I did not know until I looked it up that this film was actually written by Rajamouli’s father. Even more interesting, he also wrote Bajrangi Bhaijaan! Bajrangi Bhaijaan seemingly has nothing in common with Eega or Bahubaali or Magadheera (also written by K.V. Vijayendra Prasad). But they are all movies that feel written for the innocence of children. There’s a simplicity to their interactions, if someone loves somebody, they just do, and there are no second thoughts or deeper considerations. If a bad guy is bad, he is just bad. If someone is good, they are just good. There are no shades of gray.
Bajrangi Bhaijaan doesn’t have any magical powers or mythic histories. But it does have a hero with the simplicity of a child, a simplicity that let’s him be just plain good, with no confusion or questions about what is the right thing to do. Eega has that as well, in its villain, who is just plain bad because he is bad. A single good thought never enters his head. It makes hating him kind of fun. No, make that really fun!
Oh right, back to the voiceover. So, it was written by the director’s father, and the voiceover is a father telling a story to his son. He starts out talking about a Princess, and the son stops him and says he has heard that story before (joke about Magadheera?). Then there is the sound of a fly buzzing and the father cursing at it, and then saying “Okay, I will tell you a new story! Once there was a fly….”
So, we know this story will be happy and everything will work out because it is a father telling it to his son at bedtime. The tone is set right from the beginning. And we also know that we need a childlike sense of wonder and belief to follow everything that is about to happen.
(See also: The Princess Bride)
And, looked at through a child’s eyes, this is a really happy story! Our hero goes from a boring grown up to an awesome fly with superpowers! Better yet, now that he is a fly, he can just hang out and play hide and seek with his girlfriend, no need for any icky kissing or anything like that. And, he can play all kinds of fun jokes on his enemy.
The romance was the part where I had to remind myself the most that this was a children’s story. Both for how it was developed at the beginning and the “happy ending”. Well, that it was a children’s story and that the ultimate goal was turning him into a fly.
On paper, our “hero” is much much worse as a romantic prospect than our “villain” in terms of romance. While Sudeep actually talks to our heroine, learns about her interests, spends time with her doing the things she enjoys, and eventually asks her out on a date, our “hero” Nani (ha! Sounds like “Naan Ee” which was the Tamil name of the movie!) spies on her through her bedroom window, follows her, sends her text messages, and forces her to interact with him at her work. Creeper!!!
Not only that, even though she is constantly telling him she is not interested, Nani chooses to interpret all her signals the opposite. If she closes her shades, it’s because she is worried about him staying up too late watching her. If she refuses to give him Prasad, it’s because she wants to show that he is different than all the others to whom she gave Prasad. It’s classic stalker reasoning.

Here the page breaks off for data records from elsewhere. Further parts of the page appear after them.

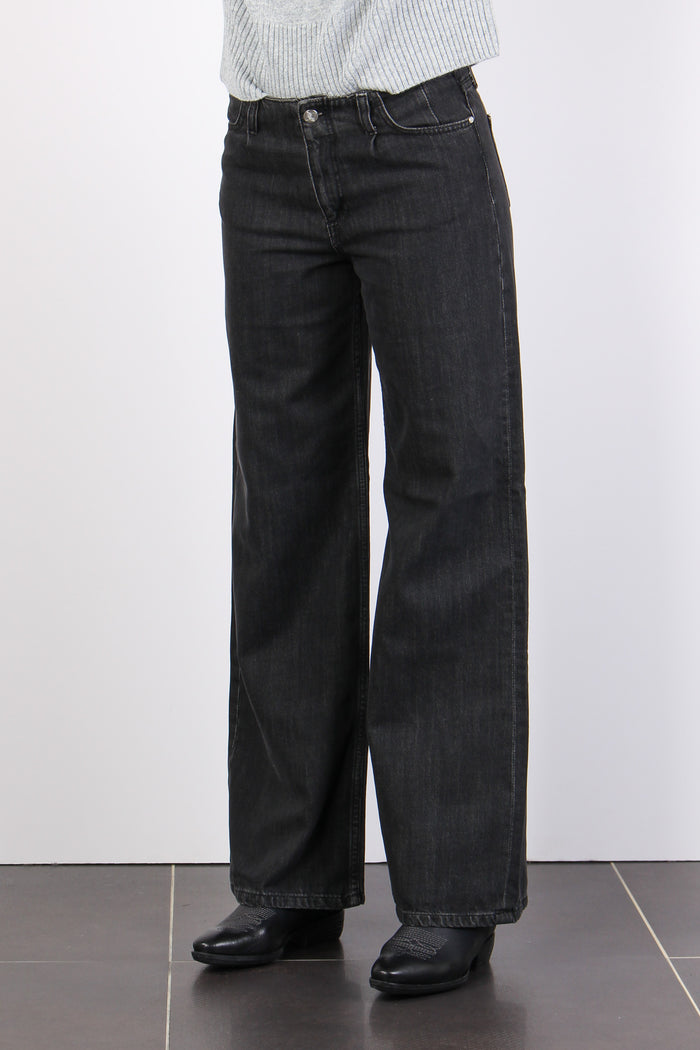 Denim Palazzo Vita Bassa Denim Nero-5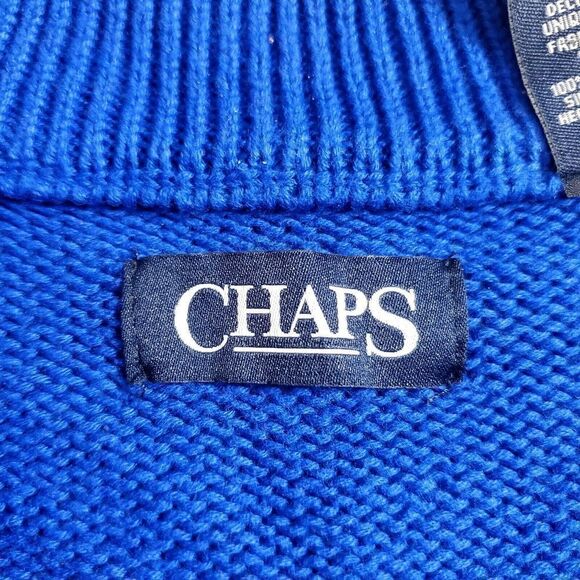 Ralph Lauren Chaps Mens Blue Vintage 1/4 Zip Cotton Sweater Size S Pullover - Picture 8 of 10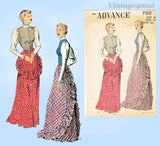 Advance 700: 1950s Misses Hostess Skirt & Blouse Sz 32 B Vintage Sewing Pattern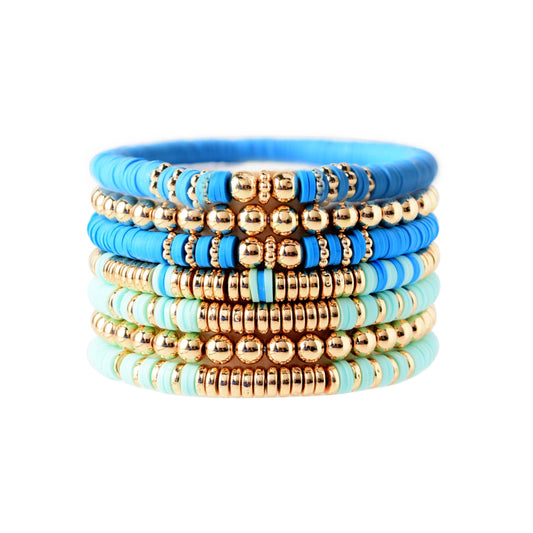GOOJIDS Surfer Heishi Clay Bead Bracelets for Women Bohemian Stackable Gold Plated Beaded Stretch Bracelets Elastic Layering Friendship Bracelets Set Boho Jewelry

And meanwhile, she is agreeing to go to lunch with Sudeep, giving him gifts, and being delighted to see him whenever he shows up. Clearly Sudeep is the one she likes and Nani is the one she doesn’t. Well, except that Sudeep is so clearly eeeeeeeeeeeeevil. And that Nani is actually interpreting all her signals correctly!

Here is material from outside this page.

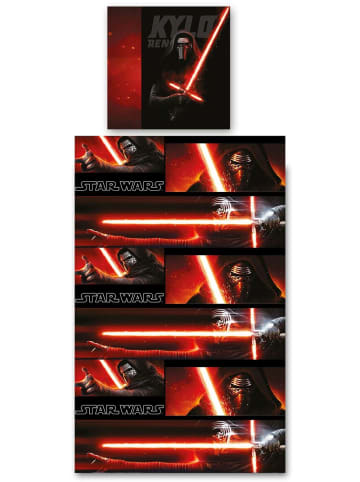 Global Labels 2 tlg. Renforcé Bettwäsche 135x200cm Star Wars in Weiß/Rot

The film hints at that all along, with her overhearing Nani explain what her actions “really” meant to his friend, and the camera catching her smiling as though she is pleased he got the message. If this were just a normal romance movie, I would be kind of angry about this, that it is teaching boys to keep chasing girls, even when they say “no”, because no clearly means yes. But it isn’t a normal romance movie, so there is a reason it is like this.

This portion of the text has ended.